The principle laid down in the Stephens case was followed in People v. Graw, 363 Ill. 205, 208; Peoples Gas Light & Coke Co. v. Slattery, 373 Ill. 31, 42.

In Frank v. Salomon, 376 Ill. 439, the court extensively considered the various provisions of the present Practice Act (which counsel in the instant case rely upon) which abolish distinctions in forms of pleading and action, and particularly Section 44 of the Practice Act [Ill. Rev. Stat. ch. 110, par. 168; Jones Ill. Stats. Ann. 104.044], which permits legal and equitable claims to be joined in one action and the transfer of the equitable portion of the action to the court of equity, and said at p. 444:

“Considering together all the provisions quoted, it was the obvious intention to do away with forms of pleading but to preserve separate procedure in law and equity. ...” The rules of court “preserve the equitable character of all matters within the jurisdiction of a court of equity prior to the effective date of the Civil Practice act, and otherwise demonstrate that the substantive distinction between actions at law and in chancery is not abolished. ’ ’

Owens-Illinois Glass Co. v. McKibbin, 385 Ill. 245, was an action for injunction to restrain the director of finance from levying or imposing, collecting or attempting to collect, the retailers’ occupational tax from plaintiff. The contention there made was that the statute prescribed the procedure and a remedy for the type of complaint made by plaintiff and, therefore, there was an adequate remedy afforded, which should pre*57vent invoking the jurisdiction of a court of equity. The court at p. 259 said :

“Since the remedies were cumulative plaintiff had a right to bring its complaint for injunction rather than to rely upon the procedure provided by the statute.”

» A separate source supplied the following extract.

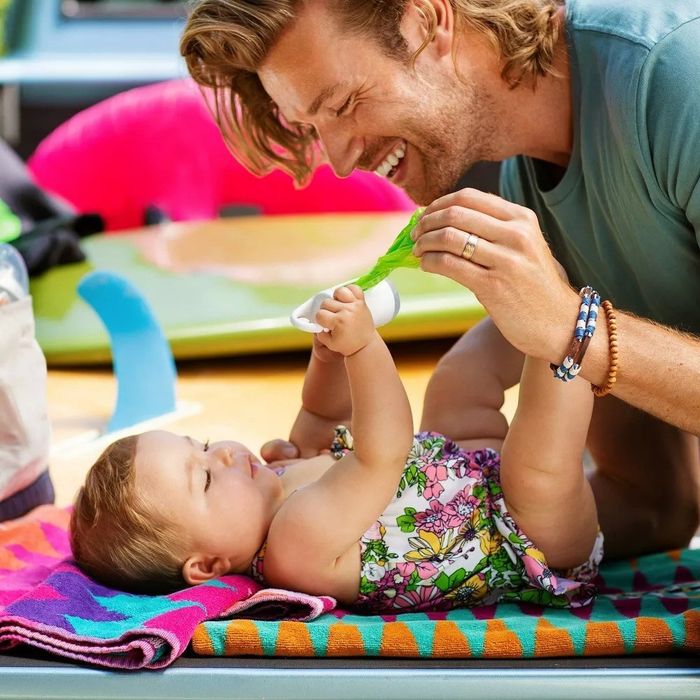 A model holding a baby with a bag dispenser nearby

No case cited or relied upon by defendant has held that the present provisions of the Forcible Detainer Act or the Civil Practice Act bar the right of a court of equity to exercise its inherent power, under special circumstances, to prevent a forfeiture. We conclude from the holdings in the cases cited that the plaintiff in the instant case had a right to invoke the jurisdiction of a court of equity, upon the facts alleged in the complaint, and was not obliged to assert it by way of an equitable defense in the forcible detainer action.

Horner v. Jamieson, supra, relied upon by defendant, was an action of ejectment, and the defense by way of a counterclaim was filed, seeldng injunctive relief. The court there held that, under the 1935 amendment to the Ejectment Act, a counterclaim for equitable relief was permitted. What we have said with respect to the right to interpose equitable defenses in forcible detainer applies with equal force to the ejectment action under the 1935 amendment.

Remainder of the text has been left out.